Of course, Age of Ultron's got admirable surface pleasures in addition to its novelty as a superhero movie hangover. The cold open legitimately rocks, as do parts of the overstuffed finale, and the downbeat character moments shine as long as the character isn’t Black Widow. Wanda and Vision arrive on the scene like twin lightning bolts, thus establishing emotional throughlines for here, Civil War, and eventually WandaVision. Jeremy Renner finally gets his due as Hawkeye; I can’t believe I’ve gone this entire time without highlighting his status as the film’s glue guy. This also feels like the last team-up movie where the Avengers move as a unit instead of a series of groups; there’s a robust team dynamic here, whereas later entries Infinity War and Endgame occasionally feel more like triumphs of production management than anything else. We’re probably going to see that again with Doomsday and Secret Wars.

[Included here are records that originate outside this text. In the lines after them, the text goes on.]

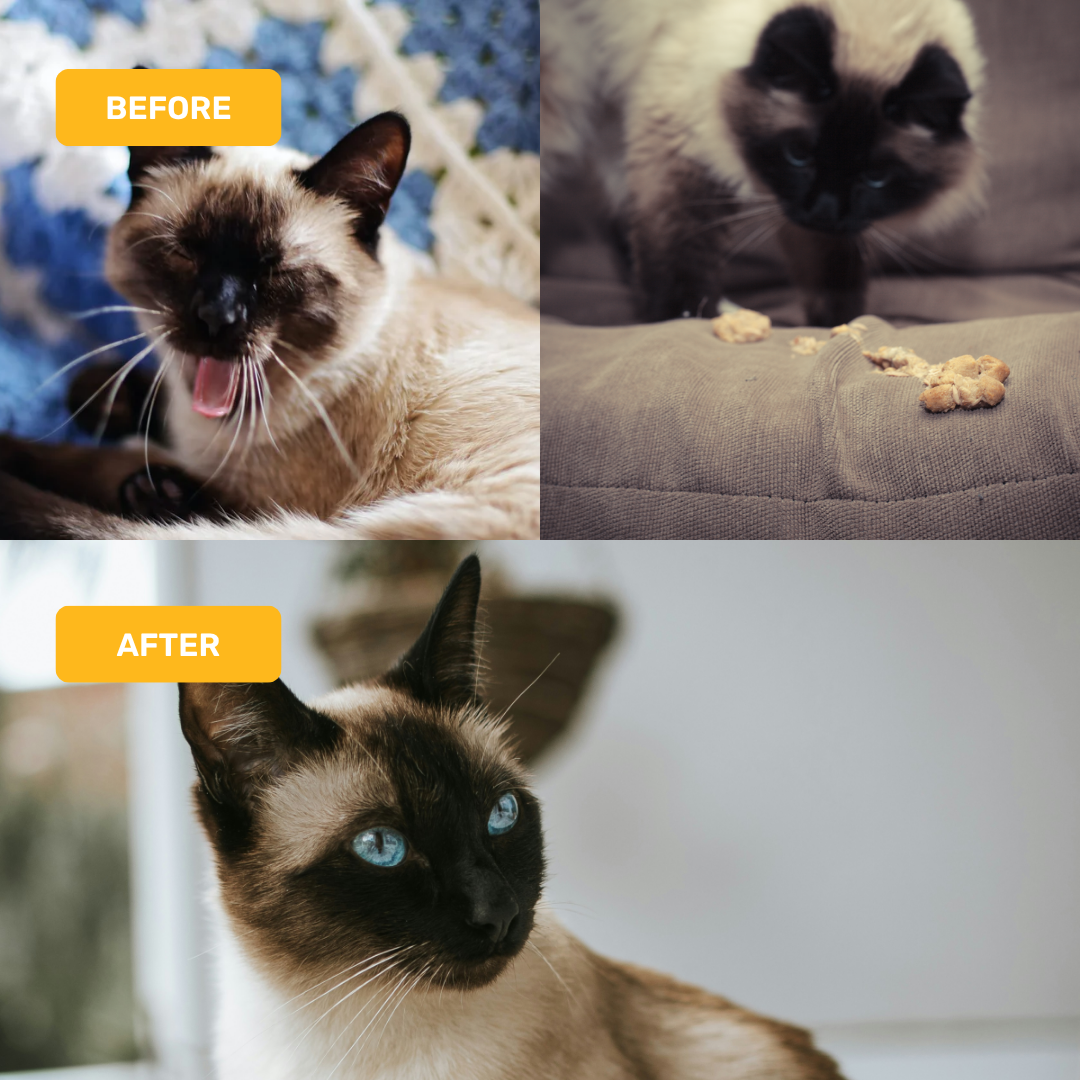 Absolut Pet Hair Ball Relief Creamy Supplement for Cat Cats-Health & Wellness Absolut Pet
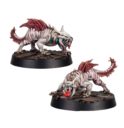 Forge World Escher Phyrr Cats 1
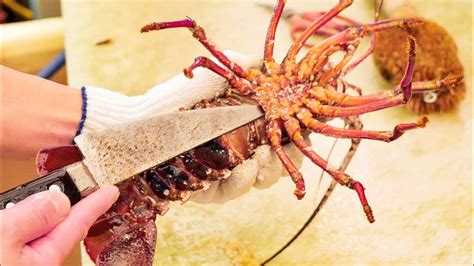 Japan Street Food Giant Lobster Sashimi Art Cutting Alo Japan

Like I said up top, part of what makes me wince about liking Marvel is that the output hasn’t been consistently good for a while, or, worse, the duds haven’t at least been memorable. That’s what I hold onto with Age of Ultron; I think it’s a moody, flawed masterpiece that nakedly and resentfully fights through its shortcomings, but it still has moments where I’m like “holy shit, this kinda rules.” Is it a better movie than, like, the first Doctor Strange, Shang Chi, or Ant-Man & the Wasp? Who knows, but I don’t care enough about any of them to crank out 1,500 words on all three, let alone just one.
After it made its money and Marvel went on an absolute tear with Phase 3 the next year, Age of Ultron got mostly left behind. Nowadays, if it's remarked upon, it's primarily as a begrudgingly important setup outing, or a misfire laden with bad vibes. Which, it is! But that's still in its own way worth celebrating. There's grace in its failings.